EXERCISE INPUTS:
--

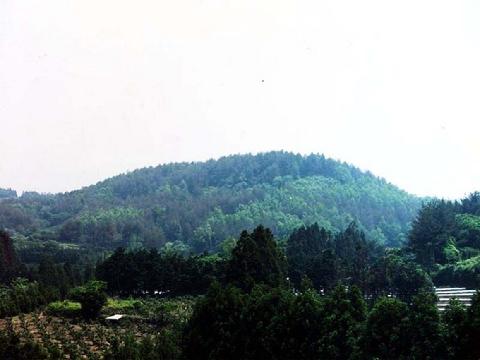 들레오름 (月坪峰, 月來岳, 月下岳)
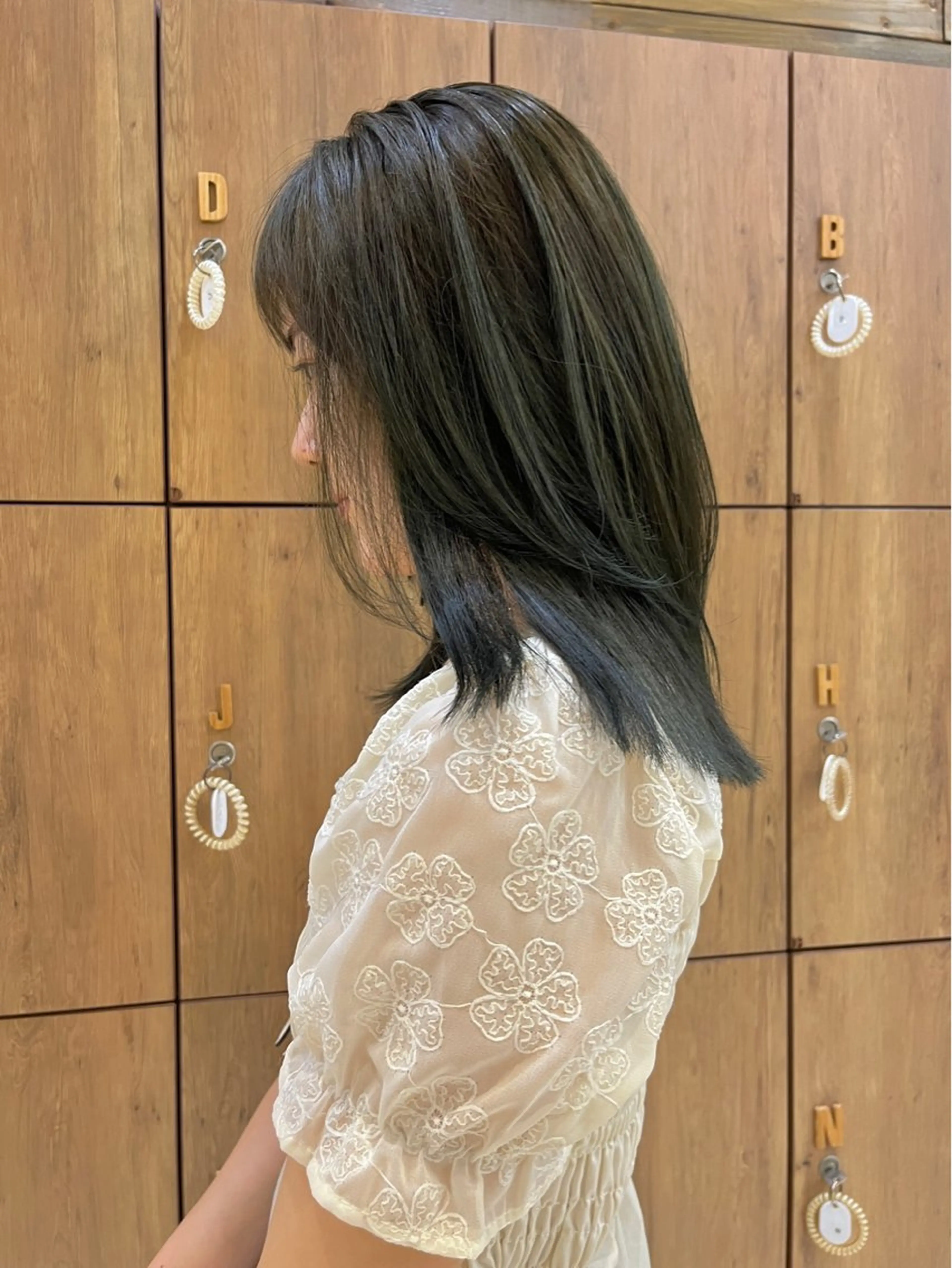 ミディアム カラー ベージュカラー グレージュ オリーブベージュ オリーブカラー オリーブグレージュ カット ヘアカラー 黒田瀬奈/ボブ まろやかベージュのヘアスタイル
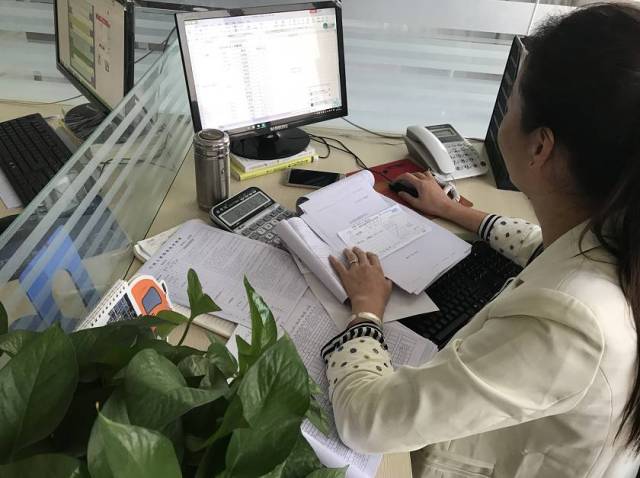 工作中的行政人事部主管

--

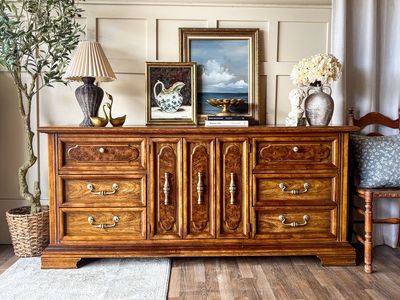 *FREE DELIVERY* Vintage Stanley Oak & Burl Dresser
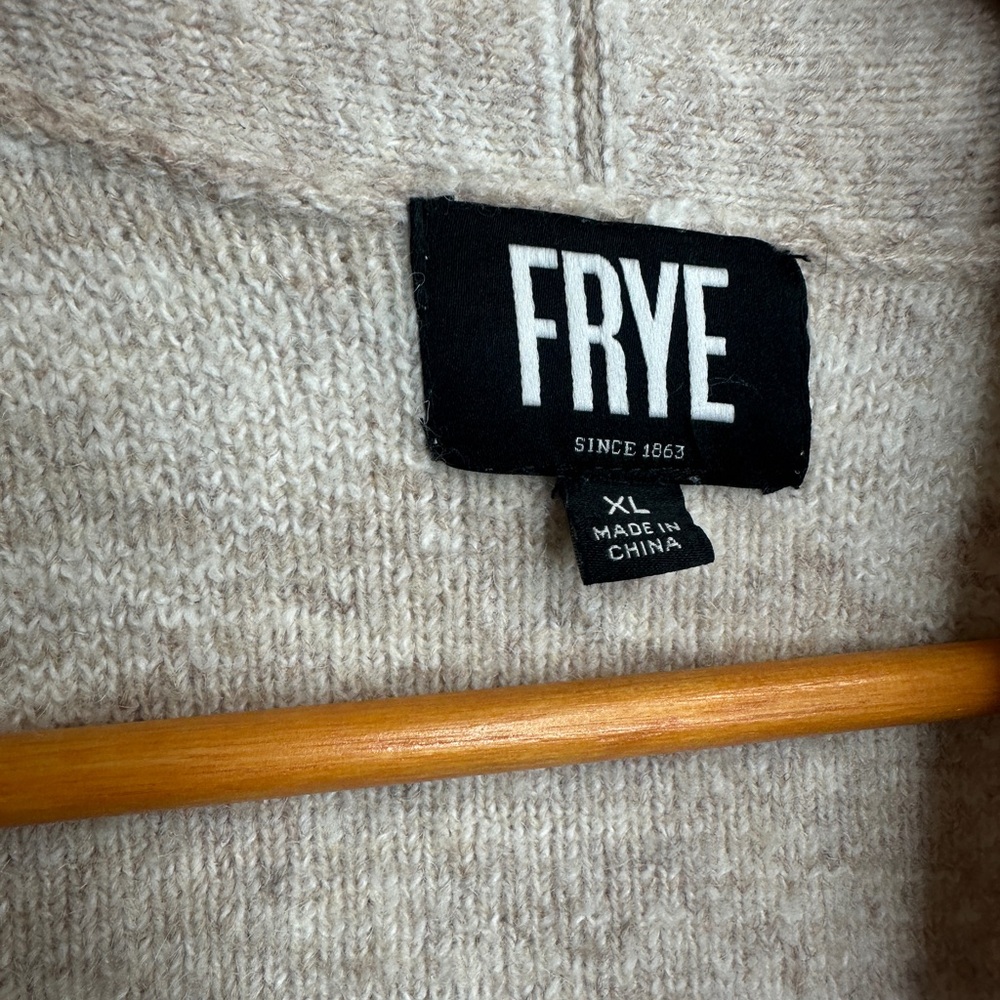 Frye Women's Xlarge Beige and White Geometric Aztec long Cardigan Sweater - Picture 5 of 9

--

YOUR ASSIGNMENT:
Return the material from the line containing "Oak & Burl Dresser" through the line containing "Frye Women's Xlarge", exactly and in full, but without its pictures.

SOLUTION FOR THIS TASK:
 *FREE DELIVERY* Vintage Stanley Oak & Burl Dresser
 Frye Women's Xlarge Beige and White Geometric Aztec long Cardigan Sweater - Picture 5 of 9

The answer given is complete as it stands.